Tel Aviv, Israel, 1/8/2013 – Duas bandas de heavy metal israelenses, uma integrada por árabes, a Jalas (“suficiente”, em árabe), e outra por judeus, a Orphaned Land (“terra órfã”), dividiram esta semana o palco no Club Hangar 13, no renovado porto de Tel Aviv, e logo iniciarão uma excursão europeia de 18 apresentações. Embora a colaboração artística seja em si mesmo um sucesso, porque é bastante raro bandas judias e árabes tocarem juntas, os dois grupos preferem se concentrar em fazer música e não em ressaltar suas respectivas identidades em conflito.
O líder da banda árabe, Abed Jathout, é de Acre, no norte de Israel. O baixista procurou baixar as expectativas durante um ensaio. “Somos companheiros metaleiros antes de tudo. É a música que nos une”, afirmou. Na verdade, a única “desconexão” que sentem é com os palestinos que afirmam que este tipo de colaboração musical, apresentada como projetos de coexistência, na realidade apoiam a ocupação israelense da Cisjordânia e Jerusalém oriental.
“Cultivar a irmandade e compartilhar o palco são formas de mostrar que o rock está acima da política”, ressaltou Koby Farhi, vocalista e líder da banda judia. A Orphaned Land tem uma mescla de ritmo new age. Suas letras se referem a uma paz profética entre as religiões. A banda se apresentou na Turquia e se orgulha de ser “popular no mundo árabe”. Existe uma confusão entre a identidade turca e a árabe, que é comum em Israel devido à cultura islâmica compartilhada pelos dois povos.
Os músicos da Jalas são israelenses de origem palestina, embora se considerem simplesmente palestinos. “Íamos tocar no Egito em novembro, mas uma semana antes o show foi cancelado. Bom, temos passaporte israelense”, explicou Jathout. Durante sua apresentação tocaram uma boa versão de Alf Leila wa Leila (Mil e Uma Noites, em árabe), um sucesso da lendária cantora egípcia Umm Kalzum (1898-1975).
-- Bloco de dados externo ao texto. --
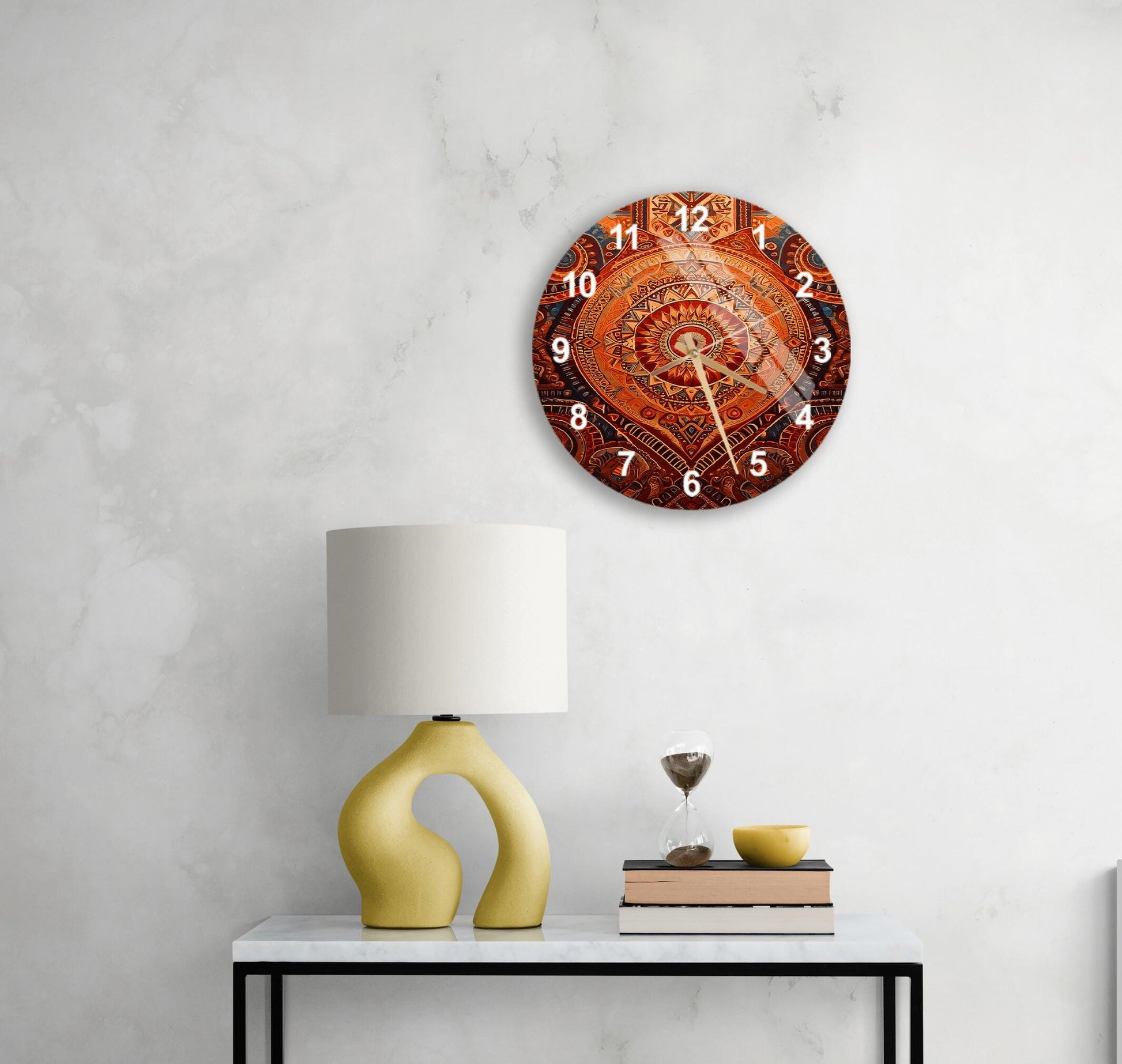 a table with a lamp and a clock on it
As duas bandas procuram defender a ideia de que a música não tem fronteiras e está acima das nacionalidades. Contudo, no mundo da política, a realidade é mais complexa. Um em cada cinco israelenses é de origem árabe-palestina. A maioria destes, na verdade, se consideram palestinos ou “palestinos israelenses”. A maioria dos judeus os considera “árabes israelenses”, e os de direita os rotulam de “quinta coluna”, isto é, simpatizantes do inimigo. Por sua vez, a maioria dos palestinos os chama “árabes de 1948”, porque permaneceram no Estado judeu quando este foi criado naquele ano.
Quando Israel lutou sua guerra de independência em 1948 e 1949, centenas de milhares de palestinos fugiram e se converteram em refugiados. Muitos que ficaram passaram a ser refugiados internos, no que se reconheceu com “Nakba” (catástrofe, em árabe). Farhi faz todo o possível para destacar o espírito de companheirismo. “É a segunda noite que tocamos juntos, Orphaned Land e Jalas, como israelenses e árabes”, afirmou. Por sua vez, Jathout reconheceu: “odiamos que todo o mundo espere que cantemos sobre a ocupação apenas por sermos palestinos”.
Entretanto, os habitantes da Cisjordânia e de Jerusalém oriental seguramente não concordam com a atitude das bandas. Desde a segunda Intifada (levante palestino de 2000 a 2005) mantêm um boicote cultural contra Israel em protesto à ocupação. De todo modo, as severas restrições impostas na Cisjordânia com os postos de controle, os caminhos especiais para a população dos assentamentos, as barreiras e os muros de separação tampouco propiciam um intercâmbio cultural.
As limitações de movimento são aliviadas durante o mês sagrado muçulmano do Ramadã. As pessoas de idade residentes na Cisjordânia recebem permissão para rezar na Al-Haram ash-Sharif (Esplanada das Mesquitas), lugar sagrado para o Islã, localizado na amuralhada Cidade Velha de Jerusalém. O alívio das restrições se deve, provavelmente, à existência de conversações de paz em andamento.
Além do problema central das fronteiras entre Israel e o futuro Estado palestino, a identidade nacional é um grande obstáculo nas negociações. O primeiro-ministro israelense, Benjamin Netanyahu, insiste que os palestinos reconheçam seu país como “Estado judeu”. Mas o presidente da Autoridade Nacional Palestina, Mahmoud Abbas, é contra porque a denominação ignora a significativa minoria palestina que vive em território israelense.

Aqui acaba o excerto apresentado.